על החלומות, ספר א ג׳On Dreams, Book I 3

א׳
1[14] Enough on these points. The next thing to inquire is why, when four wells are dug by Abraham and Isaac and those about them (Gen. 21:25, 26:19–23), the fourth and last received as its name “Oath.”
ב׳
2[15] Probably Moses wishes to shew us allegorically that while both the constituents of which the universe is composed, and those from which we ourselves were moulded and so fashioned into human shape, are four in number, three of them are such as can in one way or another be apprehended, but the fourth is universally held to be beyond our powers of apprehension.
ג׳
3[16] In the world, then, we find the constituents that make up the whole to be four, earth, water, air, heaven. To three of these properties have been allotted, the discovery of which may be difficult, but is not wholly impossible.
ד׳
4[17] For, as regards earth, we perceive that it is a body, heavy, indissoluble, firm, cut up into mountain-ranges and level plains, divided by rivers and sea, so that parts of it are islands, part continents; that some of it has a light thin soil, some of it a deep soil; some of it rough, stiff, stony, and altogether barren, some level and soft and very fertile. These and a thousand other points we apprehend.
ה׳
5[18] As to water again, we perceive that it has several of the properties just enumerated in common with land, and others peculiar to itself; for some of it is sweet, some brackish, other parts marked by other differences; some water is fit to drink, other water unfit. We know too it has not either of these properties alike for all; one kind of water is drinkable by some but not by others, and what is undrinkable by some is quite drinkable by others; and that some is by nature cold, some by nature hot:
ו׳
6[19] for there are a thousand springs, in many places giving forth boiling water, and that not only on land, but in the sea.
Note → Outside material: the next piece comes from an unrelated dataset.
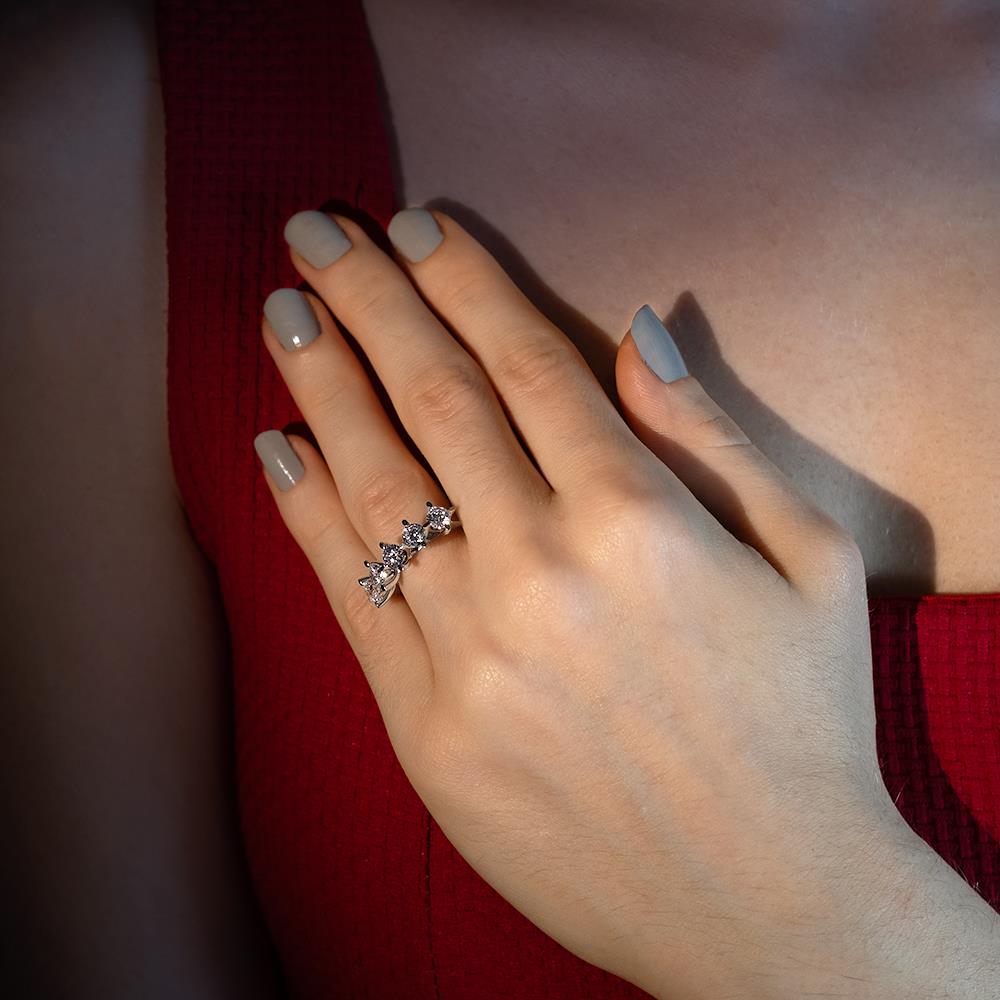 D Renk 1.50 Karat Pırlanta Beştaş Yüzük - HRD Sertifikalı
Yes, there have before now appeared veins emitting boiling water in mid ocean, which all the force of the surrounding seas pouring over them from time immemorial has been powerless to quench or even in any measure to check.
ז׳
7[20] Again we perceive that the air has a nature which gives way to the pressure of the objects around it; that it is the instrument of life, of breathing, of sight, hearing and the other senses; that it admits of density and rarity, of motion and stillness, that it undergoes all kinds of change; that it is the source of winter and summer, and of the autumn and spring seasons, that is, of the constituent parts that fix the limits of the year’s cycle.